首先,柄谷行人非常强调"行动"对於民主的意义,他认为,民主不跟行动联系在一起,就是死的民主。而社会运动,就是行动的具体形式。所以柄谷行人很重视示威,遊行等公民行动对於民主制度的完善。这跟汉娜鄂兰的"集体行动的个人"的理念可谓不谋而合。过去,我们比较关注的是作为不同制度和程序组合而成的民主,但是制度本身一旦成形,比较容易凝固僵化,逐渐腐朽。因此我们要寻找一种具有流动性的社会力量,这种力量,就是社会运动。

其次,对於作为资本主义代表的大财团,要怎么对抗他们?柄谷行人跟马克思主义不同的是,前者从"生产"的过程看资本主义,而他则是从"流通"的过程看。

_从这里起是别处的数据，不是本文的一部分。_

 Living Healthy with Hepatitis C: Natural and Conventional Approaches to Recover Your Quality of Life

因此他主张用消费来对抗大财团,因为资本主义离不开消费。除了用区域性的生产合作,甚至是地方替代性货币之外,消费上的抵制也是很重要的方式。今天在台湾,我们也为某些媒体的恶质而气愤,但是气愤只是情绪性发作而已,不是真正的行动。行动的方式,就是用拒买,拒绝收看等方式来抵制那些嚣张的媒体大亨,那些信口开河,发表反人性言论的名嘴。对於只知道赚钱的人来说,让他们转不到钱就是对他们最大的打击。

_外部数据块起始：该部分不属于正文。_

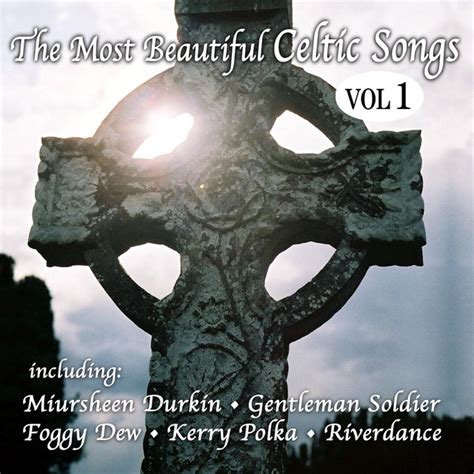 The most beautiful Celtic Songs - Vol. 1 by Various Artists on Spotify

第三,如何看看待群众运动?柄谷行人自己参加过1960年代日本的学生运动,,那场学运本身也出现不少问题,最后导致日本中产阶级逐渐放弃对学运的支持。但是柄谷行人自己从来没有要去跟学运划清界限,因为他认为本来就不应当神圣化群众运动,设定这样的运动就什么破绽和丑闻都没有,重点不是运动本身的纯洁和神圣,而是社会应不应当出现这样的运动。我个人认为这样的态度是很值得推荐的。另外,他也提出延续学运的方式之一,就是要形成一个严谨的组织,这也是值得太阳花学运的干部们参考的意见。

第四,柄谷行人特别谈到社会运动中的暴力的问题,我认为更值得刚刚经历过太阳花学运的台湾人思考。他提出:"所有的市民革命都是暴力革命,因为革命所企图对抗的,之前的体制本身,就是暴力的。在暴力体制支配之下的国家,就算发生暴力革命,也无可厚非。"我的理解是,他并非主张暴力革命,但是他认为,对於群众运动中出现的暴力行为,要具体分析。例如他认为"对警察丢石头不是暴力行为",因为"那只是一种象征性的行为","对政府并不构成威胁"。柄谷行人的意思是说,社会运动的一些方式固然会被认为具有暴力性质,但是那跟暴力革命完全是两回事,不应当把社会运动中的暴力行为跟武装革命混为一谈,并进而否定群众运动。

柄谷行人的思想并不深奥,但是值得我们深思。